After beginning her career in advertising, Fullerton-Batten broke into the art world over a decade ago with "Teenage Stories," her study of girlhood and adolescence. Since then, she has exhibited her images across the world at the National Portrait Gallery in London, the Pompidou in Paris, and the Museum of Contemporary Art Shanghai. For different series over the years, she photographed both professional and non-professional models. In 2015's "Feral Children," for example, she had child actors recreate scenes of famous children raised outside of society. In 2013's "Blind," the focus is on the subject's personal stories.
EMMA BROWN: How long does it take from when you first think of a project like this to launching it?

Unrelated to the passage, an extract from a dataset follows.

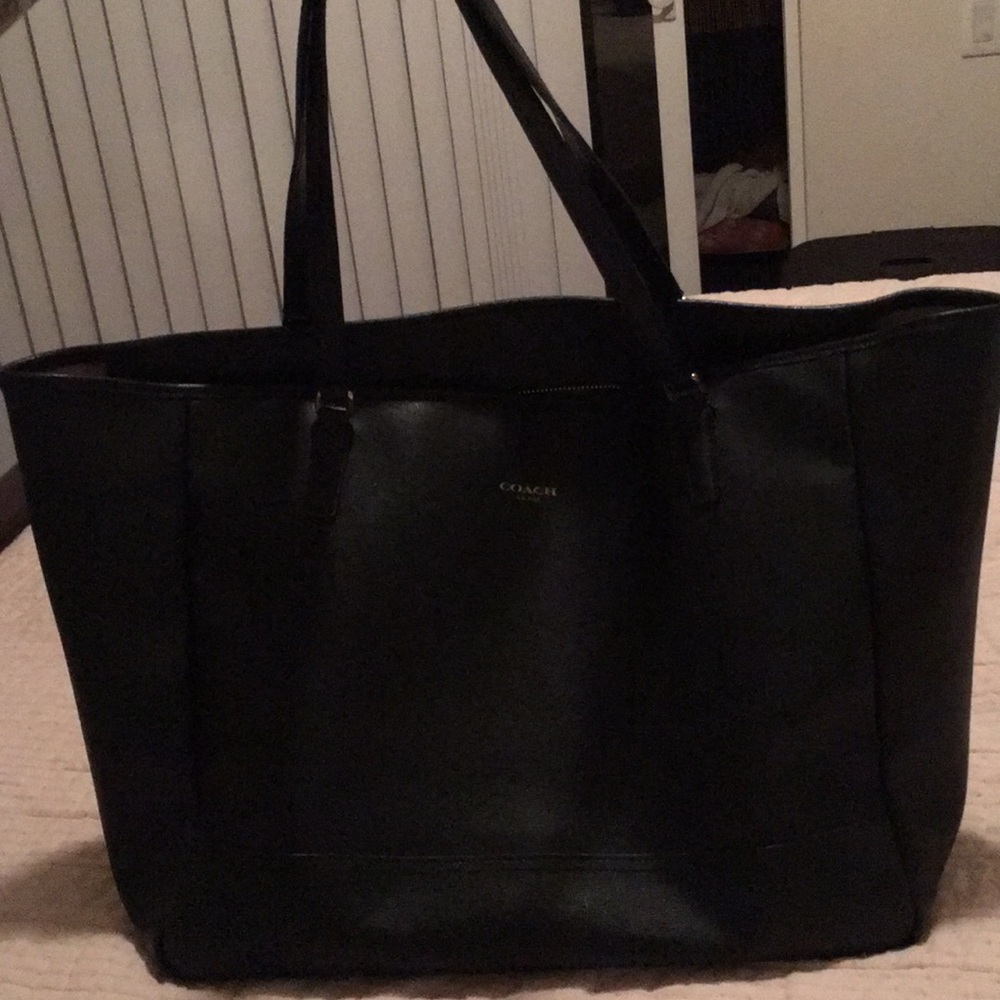 Pre-Loved Black Leather COACH Tote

JULIA FULLERTON-BATTEN: I would say nearly a year. Each project is different. This particular one took a long time. I had just finished shooting "Feral Children" and I really wanted to do a project on sex industry; I thought it was really fascinating. I wasn't sure how I was going to even approach these girls, so I had a casting director. It took a while to get girls to come to my house, for me to meet them, to hear their stories, and then to slowly start working on the ideas. Normally, I will hire a location, and I'll adapt the location with my props and styling. This is the first time in my arts projects where I've totally created the set in the studio. I kept the outer space of the set because I wanted it to look like the girls were in a staged set, rather than pretending the set is real. That took a long time working with a set designer. What really puts me under pressure is, it takes me such a long time to produce something like this, but then the shooting time is only five days. When I look at some of the behind the scenes filming, I'm always looking really intense. I love it when everything comes together, but it's a lot of pressure. Because my background is in advertising, I approach it nearly like an advertising shoot, where everything is completely nailed down. Whenever I come to shooting, I know exactly what that girl is going to wear or what I'm trying to say in the image, what set I've created for her, what move I want her to do. I've got to be very flexible on the date but I try to nail it down as much as possible.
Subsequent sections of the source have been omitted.